Flight Club 502 is based out of Bowman Field in Louisville. Klein says in 2015, the group started meeting at Hangar 5, the Vintage Warbirds hangar, thanks to Jeff Daus. Then in 2019, the club had grown so much that they needed a bigger space. Klein and company moved into the Central American building next door to the old terminal.
“It was unoccupied for years,” Klein says. “It needed a lot of renovation, but we had volunteers, kids and parents helping us to make it nice.”
Various scholarship opportunities are available for deserving members. Criteria for selection include motivation, needs, merit and availability for training. Funds may be used for any flight-training-related expenses, books and equipment.
“The Flight Club 502 Kentucky Aviation Aerospace Education Endowment was created from a very generous donation by Mark and Kellie Carter,” Klein says. “We hope to let that fund grow while utilizing it later to sustain and grow Flight Club.”
Part of that growth includes inspiring other clubs in different parts of the United States. In November 2021, Flight Club 502 flew its fleet to Blue Grass Airport in Lexington and launched Flight Club 859. The Flight Across America program is designed to accomplish several objectives including immediate outreach and exposure to Flight Club 502 and its accomplishments.

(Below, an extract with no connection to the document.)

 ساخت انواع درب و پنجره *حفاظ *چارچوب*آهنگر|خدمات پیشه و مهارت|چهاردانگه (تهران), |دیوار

The effort is developed around a framework of establishing a franchise package that includes a startup narrative and a handbook to help create flight clubs across the country.
“The package includes the tasks and steps necessary to establish a Flight Club,” Klein says. “It also provides substantive content and course material that FC502 has developed to conduct aviation-related training, programming, outreach, after-school programs and summer camps.”

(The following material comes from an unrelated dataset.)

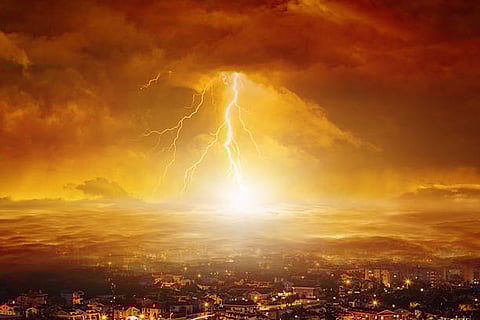 एयरोसॉल और बिजली: वायु में सूक्ष्म कण बादलों के निर्माण को प्रभावित करते हैं, जिससे बिजली की गतिविधि बढ़ सकती या घट सकती है।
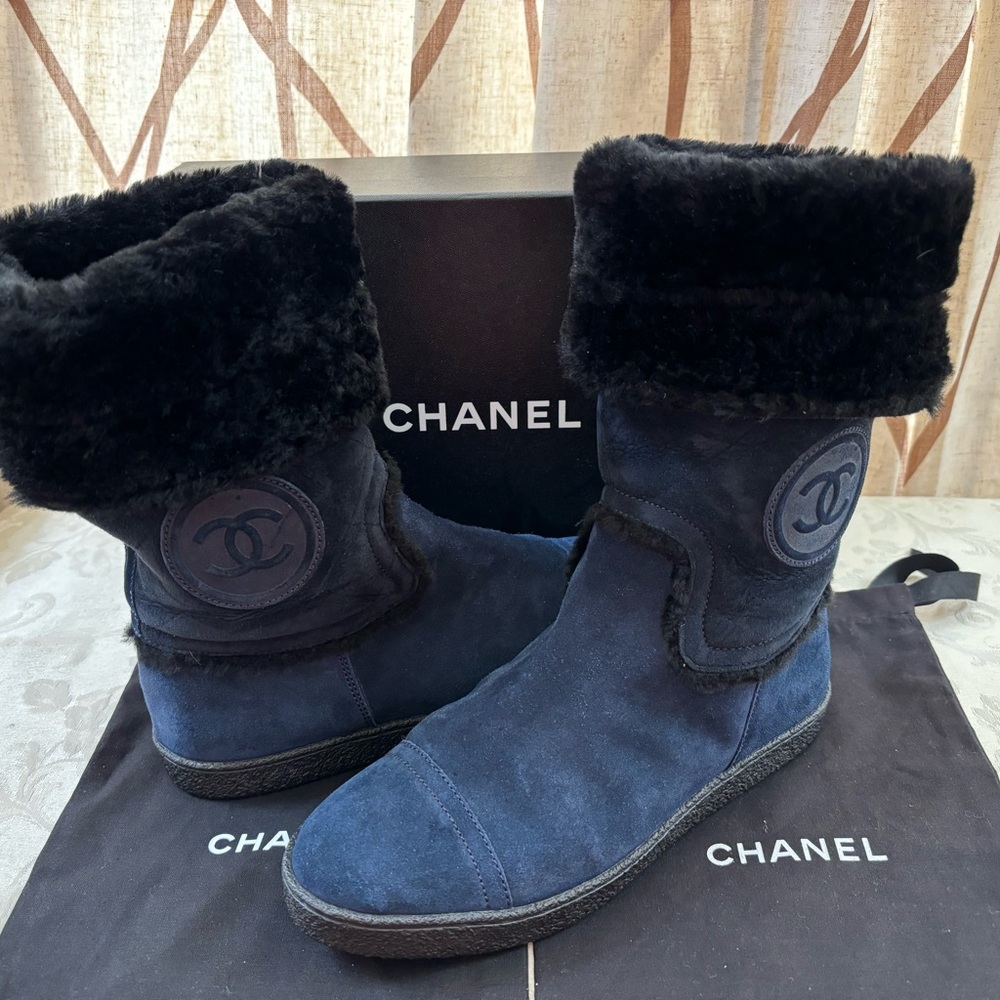🆕 Chanel CC Mouton Boots 👢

The four pillars of Flight Club 502 are STEM education, patriotism, entrepreneurship and good decision making. Klein says the Gone West program is one way the club embodies patriotism. Gone West is a term used in the aviation industry when someone dies. Klein describes the program as a chance to bring our community together and be thankful for the country where we live.
“We had our last Gone West ceremony in October honoring Major General Philip Ardery,” Klein says. “About 150 people attended and we had a flyover. It was gorgeous. We’ll hold our next one in the spring.”
Klein says the club isn’t just important to the aviation community and all of Louisville. She says, to put it simply, it brings people together for amazing opportunities.
“I’ve watched shy kids who wouldn’t look people in the eye become great public speakers,” Klein says. “I really think it has the ability to change lives. Flying makes people confident. We have a great community of people here who listen to each other and mentor one another.”
Klein now serves as executive director at the age of 25. She says it’s incredible to see how much the club has grown over the years, and it is a full-circle experience for her.
“I never thought in 2015, when we started, this would be my future,” Klein says. “I went off to college in Nashville but stayed on the executive board. I came back to Louisville last year and it’s insane to see how much it’s grown.”
Klein and Gordon hope Flight Club 502 will continue to fly high for years in Louisville and other cities across the United States.